From: Biniam Haile \(SWE\) (eritrea.lave@comhem.se)
Date: Fri Apr 24 2009 - 20:45:03 EDT
Sheikh Aweys returns to Somalia to 'reconcile Islamist factions'
23 Apr 23, 2009 - 10:58:56 PM
MOGADISHU, Somalia Apr 23 (Garowe Online) - The leading opposition
figure in Somalia returned to the country on Thursday after spending
more than two years exiled in Eritrea, Radio Garowe reports.
Sheikh Hassan Dahir Aweys, the former legislative head of the Islamic
Courts Union (ICU), arrived on a private plane at No.50 airstrip in
Lower Shabelle region.
He was accompanied by a seven-member delegation from the Alliance for
the Re-liberation of Somalia (ARS), an Islamist-led opposition group
that divided into two camps months before ex-ICU executive chief Sheikh
Sharif Ahmed became President of Somalia.
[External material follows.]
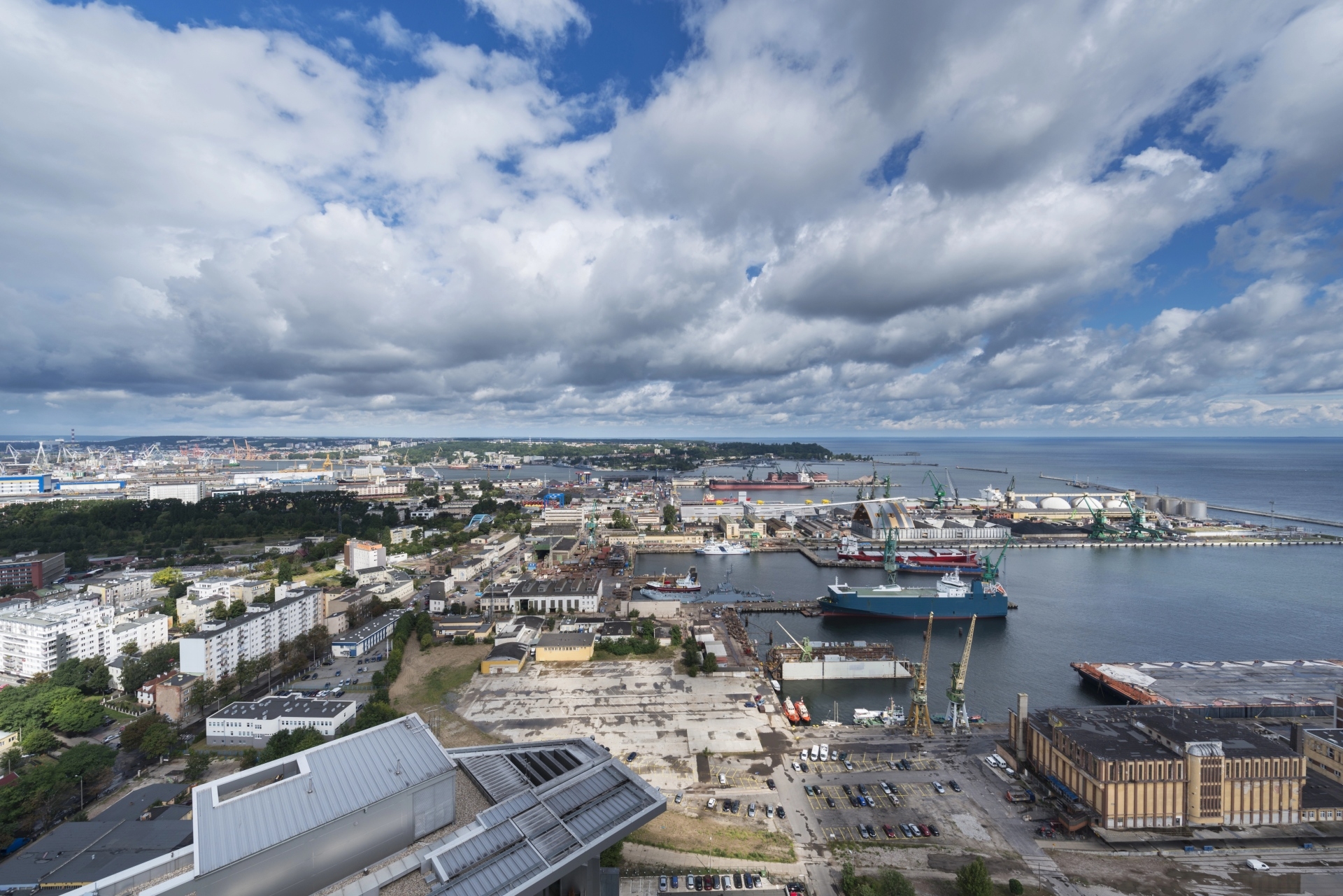 The Ministry of Infrastructure to Increase Road Accessibility to the Port of Gdynia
"I will meet with anyone concerned about Somalia and my trip [to
Somalia] is not influenced by foreign countries," Sheikh Aweys told
Qatar-based Al Jazeera TV, although he did not specify whether he plans
to meet with President Sheikh Sharif.
Sheikh Ismail Haji Addow, a senior member of ARS-Eritrea, told reporters
that Sheikh Aweys would meet with meet with different sections of
society in Mogadishu to promote reconciliation among Islamist factions.
"We [ARS-Eritrea] have moved back to Mogadishu, but we will keep an
office in Eritrea," Sheikh Addow said, while underscoring that Sheikh
Aweys' main task would be to reconcile factions within the muqawama, or
the resistance movement that became popular during the Ethiopian army's
two-year intervention in south-central Somalia.
Earlier this month, Sheikh Aweys briefly visited the Sudan where media
reports anticipated that he would meet with a delegation from President
Sheikh Sharif's government.
But a source at the Somali Embassy in Khartoum said Sheikh Aweys refused
to meet with members of the interim government, with ARS-Eritrea
official Gen. Jama Mohamed Ghalib publicly claiming that the sticking
point remained the presence of African Union peacekeepers (AMISOM) in
Mogadishu.
Sheikh Aweys fled Mogadishu in Jan. 2007 as Ethiopian troops backing
then-Somali President Abdullahi Yusuf's interim government entered the
capital and dislodged the ICU from power.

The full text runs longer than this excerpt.